Le sens du rassemblement des radicaux

Au delà de l'événement salué par la presse, au delà de l'inquiétude suscité à gauche par le rapprochement des deux familles radicales divisées depuis près d'un demi-siècle, au delà de l'intérêt suscité par le monde politique, la recherche du sens s'impose. Et comme souvent, du moins au moins comme presque toujours depuis que je suis devenu radical, le sens, c'est Jean-Michel BAYLET qui le donne. Ci-dessous, un texte brillant, ambitieux et indispensable. Il éclaire avec classe le monde dans lequel nous vivons à partir de ce que nous voulons, nous, les radicaux, les humanistes et les progressistes. Il redonne un sens à l'histoire, à l'histoire politique, à l'histoire de la gauche notamment qui même récente est toujours trop vite oubliée. Il donne le sens indispensable de l'union des radicaux dans le cadre politique fragmenté. C'est un texte brillant, magnifiquement écrit, fort, qui est le préalable du discours remarquable prononcé à la tribune des journées du radicalisme, dont il fut l'orateur le plus brillant. J'en reparlerai. En attendant, faites l'effort de le lire, même si, au delà de la qualité de son écriture, le texte peut paraître un peu long. 

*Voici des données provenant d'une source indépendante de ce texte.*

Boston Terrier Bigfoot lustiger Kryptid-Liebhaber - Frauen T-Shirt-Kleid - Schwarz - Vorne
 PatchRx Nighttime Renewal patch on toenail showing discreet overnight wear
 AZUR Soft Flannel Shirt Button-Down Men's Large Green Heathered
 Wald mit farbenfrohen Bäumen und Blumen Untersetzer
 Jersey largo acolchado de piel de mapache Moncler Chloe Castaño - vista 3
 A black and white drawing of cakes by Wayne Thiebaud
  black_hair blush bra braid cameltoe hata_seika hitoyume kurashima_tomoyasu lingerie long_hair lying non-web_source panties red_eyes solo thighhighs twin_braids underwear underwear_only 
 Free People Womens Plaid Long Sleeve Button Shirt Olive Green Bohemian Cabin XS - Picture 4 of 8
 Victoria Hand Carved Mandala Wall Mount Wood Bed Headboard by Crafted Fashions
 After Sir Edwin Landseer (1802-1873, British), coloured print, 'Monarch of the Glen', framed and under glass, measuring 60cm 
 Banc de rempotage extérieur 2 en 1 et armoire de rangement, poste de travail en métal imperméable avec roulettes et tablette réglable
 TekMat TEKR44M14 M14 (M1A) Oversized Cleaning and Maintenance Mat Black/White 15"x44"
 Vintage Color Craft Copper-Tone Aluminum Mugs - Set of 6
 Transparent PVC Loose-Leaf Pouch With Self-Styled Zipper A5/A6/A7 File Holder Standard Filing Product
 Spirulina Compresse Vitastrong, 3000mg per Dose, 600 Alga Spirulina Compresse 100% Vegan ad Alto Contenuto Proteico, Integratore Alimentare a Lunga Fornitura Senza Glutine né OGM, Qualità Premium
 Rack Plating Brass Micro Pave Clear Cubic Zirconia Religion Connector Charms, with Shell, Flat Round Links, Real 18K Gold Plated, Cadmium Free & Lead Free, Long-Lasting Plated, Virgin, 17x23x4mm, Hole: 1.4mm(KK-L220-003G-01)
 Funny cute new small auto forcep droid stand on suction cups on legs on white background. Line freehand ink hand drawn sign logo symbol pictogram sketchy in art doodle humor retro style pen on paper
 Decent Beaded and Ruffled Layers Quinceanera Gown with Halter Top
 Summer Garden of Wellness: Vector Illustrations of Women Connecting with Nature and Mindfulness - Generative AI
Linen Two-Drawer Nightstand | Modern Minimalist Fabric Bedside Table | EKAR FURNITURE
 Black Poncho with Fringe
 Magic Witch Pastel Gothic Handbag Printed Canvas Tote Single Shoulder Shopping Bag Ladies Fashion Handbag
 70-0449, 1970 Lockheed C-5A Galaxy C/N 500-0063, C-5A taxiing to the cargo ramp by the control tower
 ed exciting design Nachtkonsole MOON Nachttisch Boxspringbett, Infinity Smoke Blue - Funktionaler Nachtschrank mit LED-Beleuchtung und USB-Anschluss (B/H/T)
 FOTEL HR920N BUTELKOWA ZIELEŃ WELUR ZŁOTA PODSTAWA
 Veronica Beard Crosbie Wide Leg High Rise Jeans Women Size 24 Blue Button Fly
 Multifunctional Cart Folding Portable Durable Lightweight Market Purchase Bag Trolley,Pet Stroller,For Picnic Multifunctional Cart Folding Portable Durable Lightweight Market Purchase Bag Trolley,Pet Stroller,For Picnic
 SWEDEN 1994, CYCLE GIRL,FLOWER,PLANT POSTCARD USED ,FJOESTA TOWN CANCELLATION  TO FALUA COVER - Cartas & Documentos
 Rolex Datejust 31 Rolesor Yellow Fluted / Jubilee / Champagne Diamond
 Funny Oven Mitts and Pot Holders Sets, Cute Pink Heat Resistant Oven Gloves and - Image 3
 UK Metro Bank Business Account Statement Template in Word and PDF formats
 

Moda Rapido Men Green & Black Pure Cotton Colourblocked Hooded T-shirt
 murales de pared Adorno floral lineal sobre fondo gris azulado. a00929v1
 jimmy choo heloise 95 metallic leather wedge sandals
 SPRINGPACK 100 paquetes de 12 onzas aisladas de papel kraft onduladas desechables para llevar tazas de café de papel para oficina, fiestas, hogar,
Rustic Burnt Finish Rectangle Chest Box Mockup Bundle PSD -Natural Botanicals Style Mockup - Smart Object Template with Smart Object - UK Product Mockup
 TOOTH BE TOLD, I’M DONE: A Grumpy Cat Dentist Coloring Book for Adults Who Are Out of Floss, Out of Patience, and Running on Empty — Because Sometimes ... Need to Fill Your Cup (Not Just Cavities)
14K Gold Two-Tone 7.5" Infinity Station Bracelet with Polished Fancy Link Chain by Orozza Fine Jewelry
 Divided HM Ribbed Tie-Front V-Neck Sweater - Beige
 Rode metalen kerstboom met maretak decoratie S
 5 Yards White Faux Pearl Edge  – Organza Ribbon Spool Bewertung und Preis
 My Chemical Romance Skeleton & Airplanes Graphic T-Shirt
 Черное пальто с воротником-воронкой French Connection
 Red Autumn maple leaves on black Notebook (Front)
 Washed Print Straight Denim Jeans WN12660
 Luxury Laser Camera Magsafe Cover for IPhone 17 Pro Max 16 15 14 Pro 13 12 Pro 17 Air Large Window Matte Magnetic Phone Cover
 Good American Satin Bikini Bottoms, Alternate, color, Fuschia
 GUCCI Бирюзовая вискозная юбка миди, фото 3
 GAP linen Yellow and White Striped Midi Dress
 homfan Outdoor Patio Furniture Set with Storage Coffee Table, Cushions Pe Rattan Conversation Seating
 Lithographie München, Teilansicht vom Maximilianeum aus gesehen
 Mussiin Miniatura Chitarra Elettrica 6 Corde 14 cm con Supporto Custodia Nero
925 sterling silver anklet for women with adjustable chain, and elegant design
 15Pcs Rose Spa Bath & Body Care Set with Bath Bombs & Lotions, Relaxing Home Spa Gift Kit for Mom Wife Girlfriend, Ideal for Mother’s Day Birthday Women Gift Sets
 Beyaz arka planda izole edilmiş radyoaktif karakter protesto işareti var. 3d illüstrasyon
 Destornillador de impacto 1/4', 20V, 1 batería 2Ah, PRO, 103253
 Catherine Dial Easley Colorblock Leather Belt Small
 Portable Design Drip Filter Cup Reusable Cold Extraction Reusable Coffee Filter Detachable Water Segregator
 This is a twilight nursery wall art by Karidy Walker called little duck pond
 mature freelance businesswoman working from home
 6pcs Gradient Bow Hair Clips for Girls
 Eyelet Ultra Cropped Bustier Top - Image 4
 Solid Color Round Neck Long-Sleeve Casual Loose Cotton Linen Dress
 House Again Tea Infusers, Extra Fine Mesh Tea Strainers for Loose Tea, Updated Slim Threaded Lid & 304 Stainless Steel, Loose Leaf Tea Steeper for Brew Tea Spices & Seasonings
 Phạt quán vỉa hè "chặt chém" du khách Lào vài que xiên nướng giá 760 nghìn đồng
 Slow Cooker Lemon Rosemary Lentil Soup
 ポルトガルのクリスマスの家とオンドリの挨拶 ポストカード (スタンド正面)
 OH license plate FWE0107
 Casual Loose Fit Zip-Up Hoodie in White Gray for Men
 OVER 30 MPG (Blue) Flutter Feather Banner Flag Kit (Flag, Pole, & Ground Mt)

JOURNÉES D’ÉTÉ DE MONTPELLIER
(16, 17 septembre 2017)
ADRESSE AUX RADICAUX DES DEUX RIVES


UN MONDE POLITIQUE NOUVEAU QUI A BESOIN DES RADICAUX


éléments d'analyse et de doctrine présentés par JEAN-MICHEL BAYLET







SOMMAIRE

INTRODUCTION
DES ÉCLAIRAGES TOTALEMENT NOUVEAUX
I
LE JOUR D’AVANT
1° - Une société au bord de la rupture
2° - Des réponses politiques inexistantes ou insuffisantes
3° - Une année d’incertitudes politiques
II
UN PAYSAGE ENTIÈREMENT REDESSINÉ
1° - Une séquence électorale totalement inédite
2° - Les leçons en demi-teinte du deuxième tour de la présidentielle
3° - L’état des autres forces politiques
III
L’UTILITÉ ET L’ACTUALITÉ DU RADICALISME
1° - Les radicaux ont des devoirs particuliers envers la République
2° - La lecture radicale de la devise républicaine
3° - Le supplément d’âme des radicaux : notre laïcité
CONCLUSION PROVISOIRE
L’ORGUEIL DES HUMBLES
INTRODUCTION
DES ÉCLAIRAGES TOTALEMENT NOUVEAUX
Les radicaux s’interrogent sur leur avenir dans un temps qui est celui d’une authentique révolution.
La longue séquence politique 2016-2017 ponctuée, en France, par l’élection présidentielle et les élections législatives a vu advenir, par ailleurs, de nombreux événements d’une importance considérable et, pour la plupart, imprévus même s’ils n’étaient pas totalement imprévisibles.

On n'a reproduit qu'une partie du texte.